En su anterior epé ya se palpaba bastante agresividad, pero había vocales que le quitaban parte de crudeza al asunto. Esta vez, el techno industrial y el acid guarrote son los absolutos dueños del territorio. Pero cabe destacar que no se trata de las ‘típicas’ estructuras que están más que vistas en este ámbito, y ahí radica la joya de este EP, aparte de lo bueno de los temas, claro. Aunque hay algún discurso más canónico, el enfoque, tanto en ese pasaje como en el resto de la referencia es una bendición. Seguramente hacía tiempo que no escuchábamos producciones industriales tan delirantes y desbocadas, reminiscencias ácidas incluidas.

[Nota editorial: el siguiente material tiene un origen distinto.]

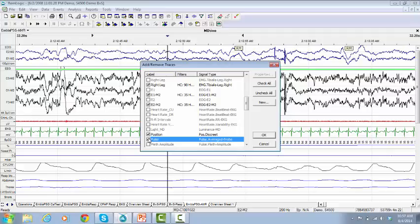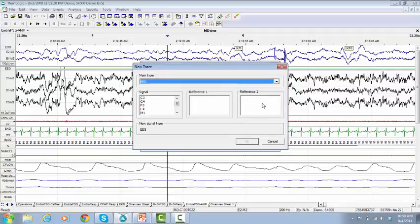If you want to create new traces which are not already existing in the traces list, click on New. The New Trace window will pop up.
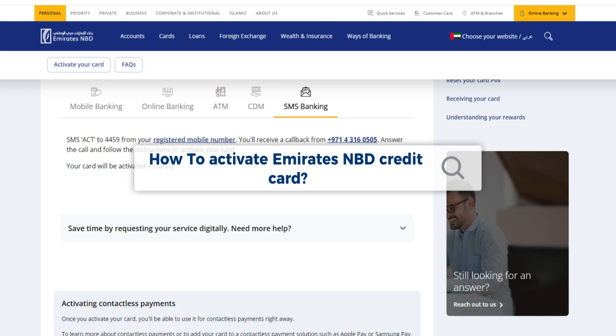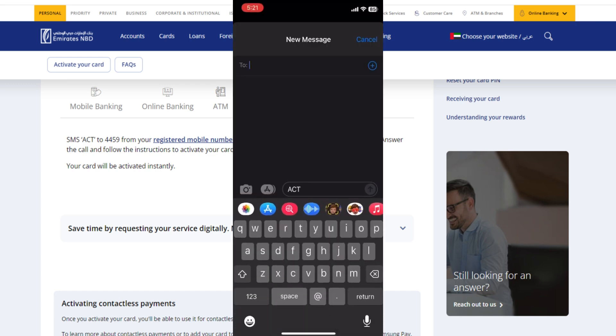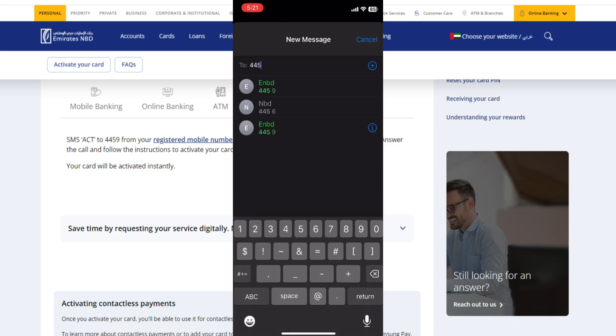How to activate Emirates NBD credit card. To activate your Emirates NBD credit card, simply SMS the word ACT to 4459 from your registered mobile number.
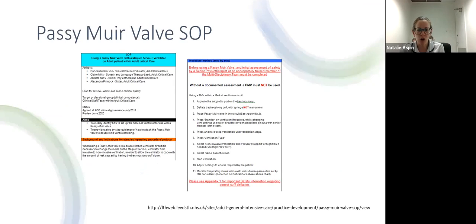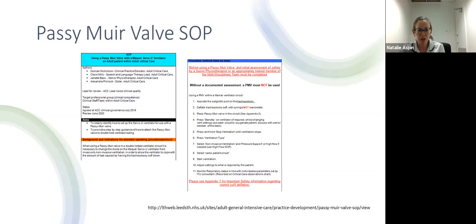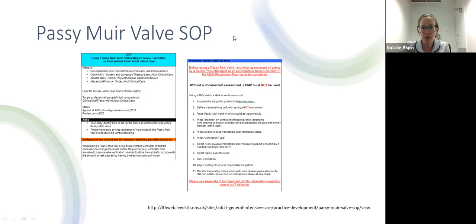There is a Passy Muir valve SOP with a link at the bottom of the slide if you want to look at it more closely, and we're now going to demonstrate how to insert the Passy Muir valve.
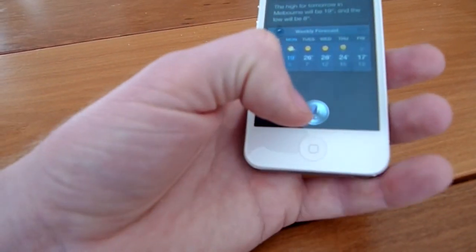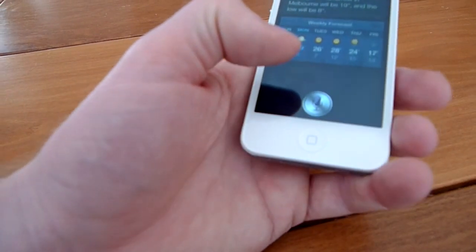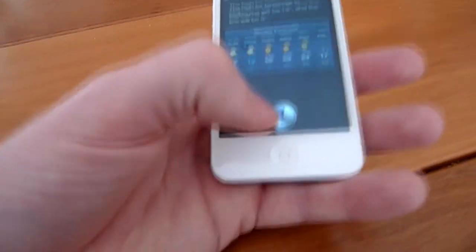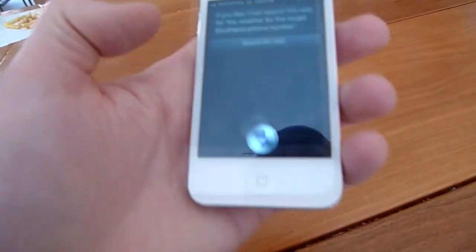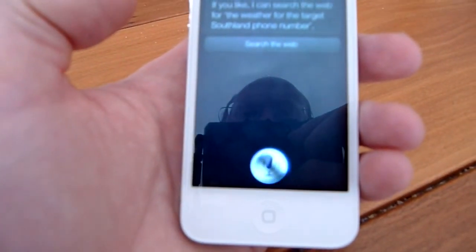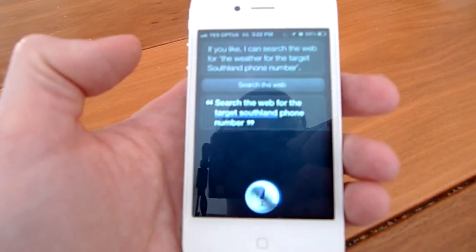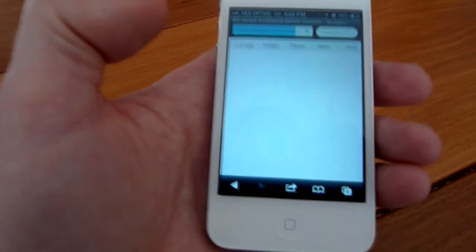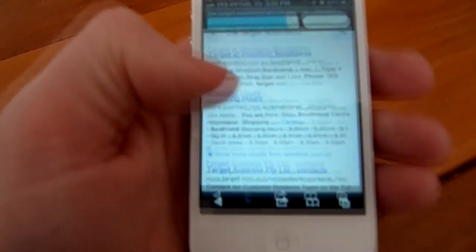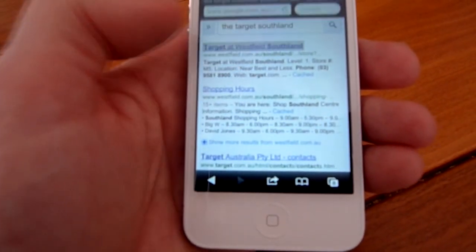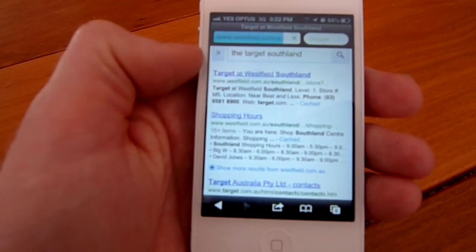You can generally work around almost anything here. Like businesses — apparently you can't use that when you're out of America. But I'll just try something now. Search the web for the Target Southland phone number. Searching the web for the Target Southland phone number. I hear it gets used to your voice fairly quick. There's the Target at Webfield — all the listings. You basically click the top one and away you go. This is 3G though, not on my WiFi.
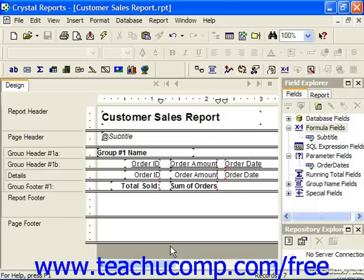You can even nest multiple if-then-else statements together in order to test for multiple possible conditions. Note that it's important to remember that the results specified by the then and else lines of the expression must be of the same data type.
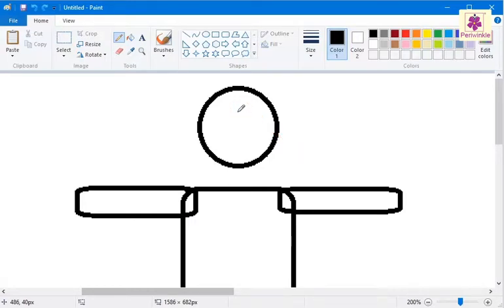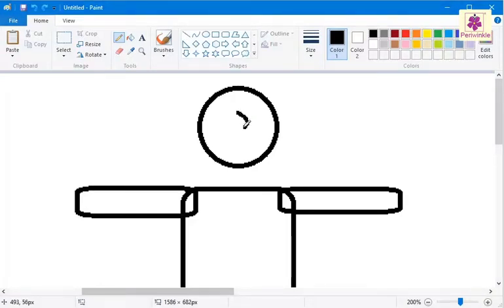Now, click and drag the pointer on the head of the figure to draw a bent line for the nose. Below the nose, draw a curved line for the smile.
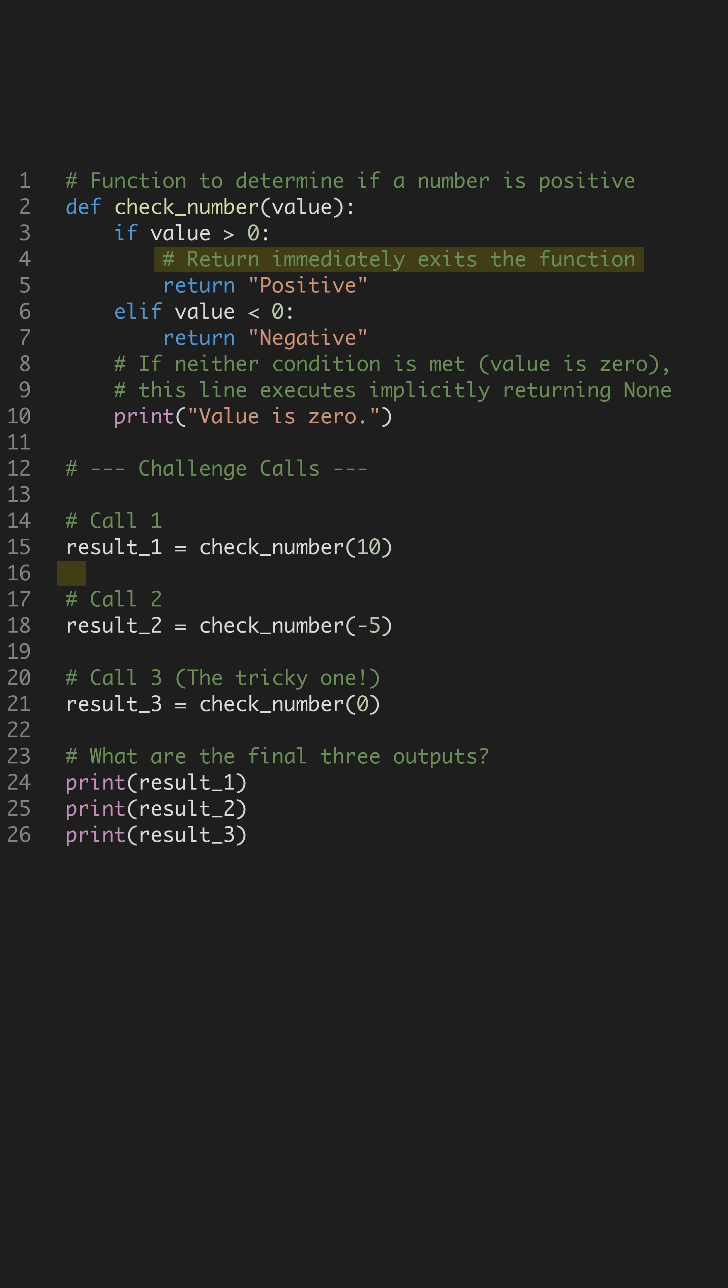For the first call with 10, the first condition is met. It returns positive immediately. For the second call with negative 5, the function hits the second condition and returns negative right away.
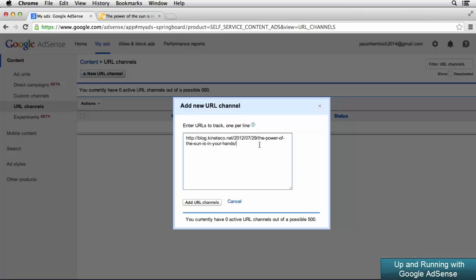At the time of this video, Google does only allow up to 500 URLs to be tracked using the URL channels feature. For new websites, that shouldn't be a problem. Whenever you publish a new post on your site, you can simply go into AdSense and add the new post's URL.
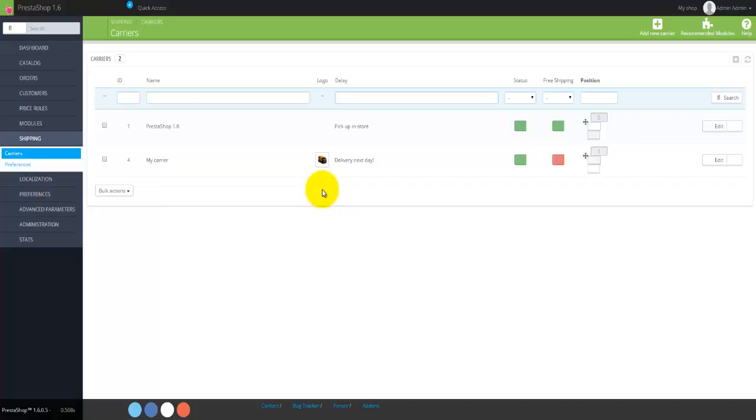And to actually allow those to our customers to choose from if they wish to actually have their products that we are selling to them delivered in that particular manner. So that was pretty much it on shipping, and like I've said, we'll have a more detailed look at how to add new delivery services in one of the future tutorials.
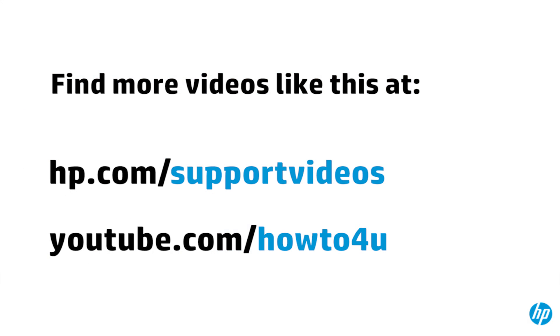You can find additional helpful videos at hp.com/supportvideos and on our YouTube channel, youtube.com/howto4u.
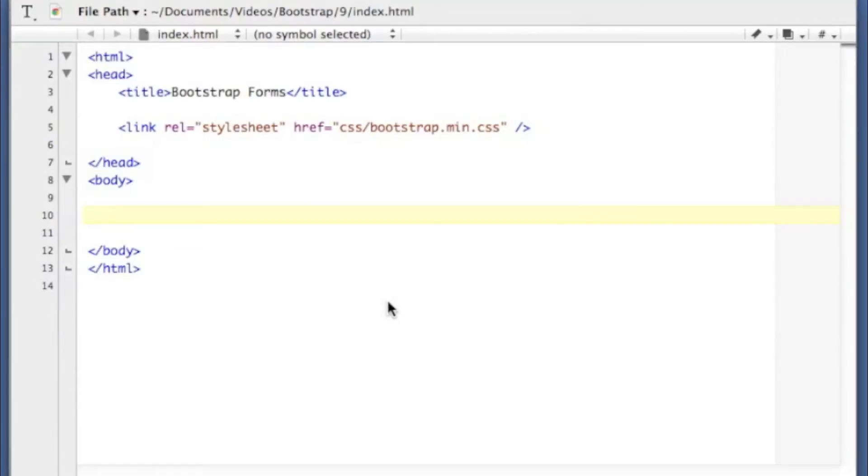Hey guys, this is Dave the Software Dev again and today I'm going to be showing you about forms in Twitter Bootstrap. Twitter Bootstrap offers several types of forms of which I'm going to be showing you three here.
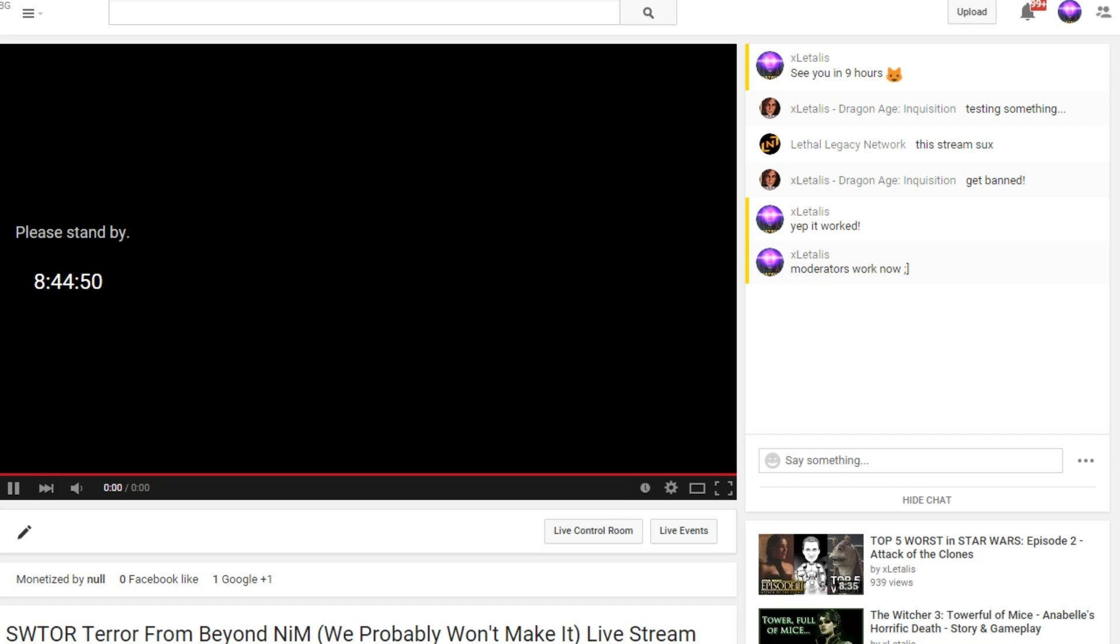I've tested it. I have three channels, so I started a stream. Actually, even before the stream had started, I just scheduled it, and then I made my second channel moderator and banned my third channel, and it worked.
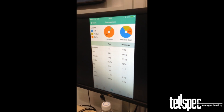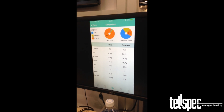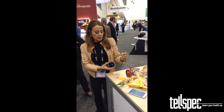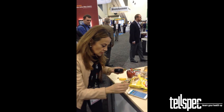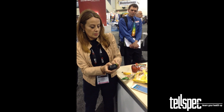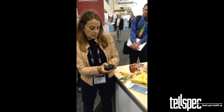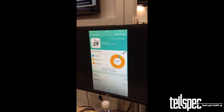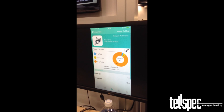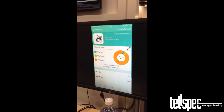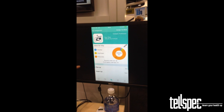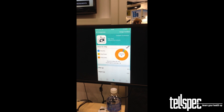Now let's scan something else. I'm going to take the kiwi. I'll go back to scan. You see the light — that's the kiwi. The kiwi is much less in calories, much less in fat, and high in fiber.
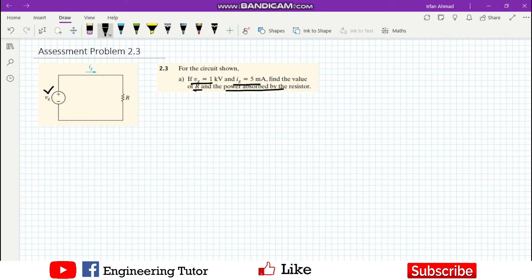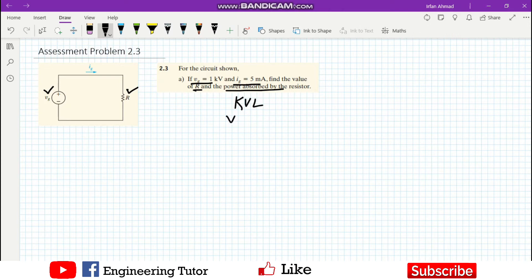Approaching the solution, according to KVL the sum of all voltage rises in a circuit equals the sum of all voltage drops. Here we have just one passive element and one active element, therefore the value of VG, which is a voltage rise, equals the value of VR. All the voltage generated is consumed by this resistor.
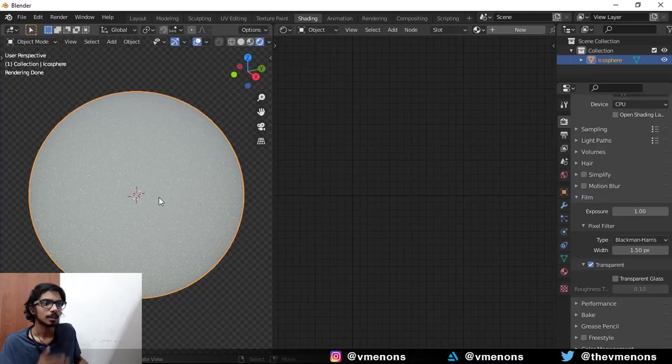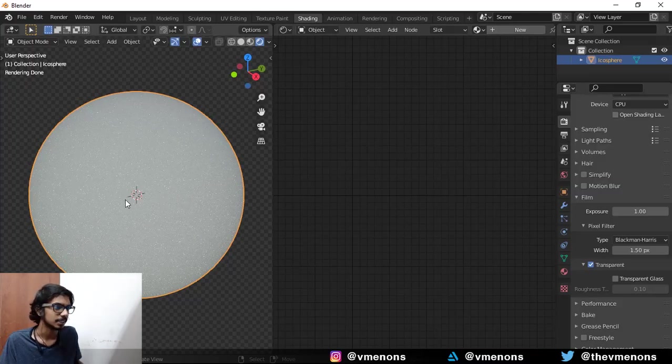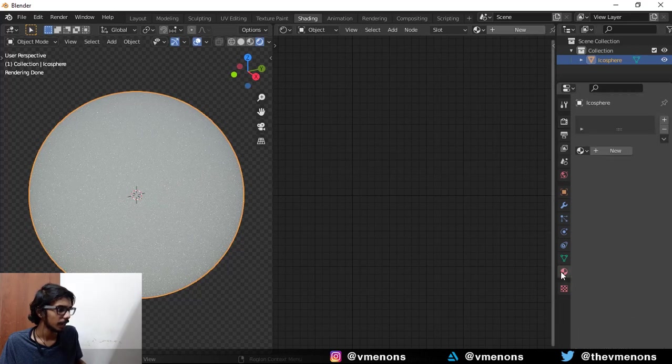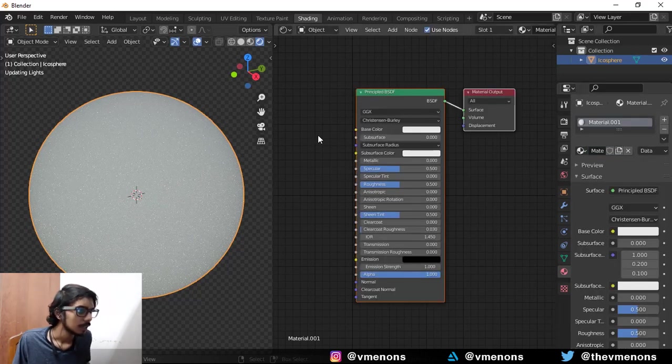Alright, so now I have an icosphere with an HDR environment lighting. I'm going to add in a new material for this.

Respeto a los clásicos y buena experimentación

Porque delirante sea quizá la palabra que defina completamente este conjunto de cuatro temas. Cortes como ‘Frankincense and Myrrh’ te ponen la cara del revés, justamente como pasa con los despiadados zarpazos ácidos de ‘O.D.D.’, un terreno inhóspito que no está recomendado para gente de oídos sensibles. Es como entrar en una dimensión de locura donde sólo hay sonidos brutotes, bombos orgánicos y máquinas echando humo, al borde de explotar.

8/10

Pero desde luego, el pepino incontestable, ese que es canónico — pero qué gustazo, joder — y que representa una de las bombas de este año, es el tema que abre el EP, ‘4 Floors of Whores’. Te da la bienvenida apuntándote a bocajarro para abrirte la tapa de los sesos con techno imperial, sin renunciar a pequeños retorcimientos para evadir esa sensación de purismo. Una auténtica producción de techno industrial y acid que por estas características sólo podía pertenecer a la prolífica casa L.I.E.S. Parece que por fin podemos cerrar la cuadratura del círculo troll: el post-punk de Kiribati, la psicodelia de Armenia y al fin el techno malayo, aunque Tzusing esté afincado en la ciudad china de Shangai. Y ahora de nuevo a poner el primer corte y a disfrutar de esta violación.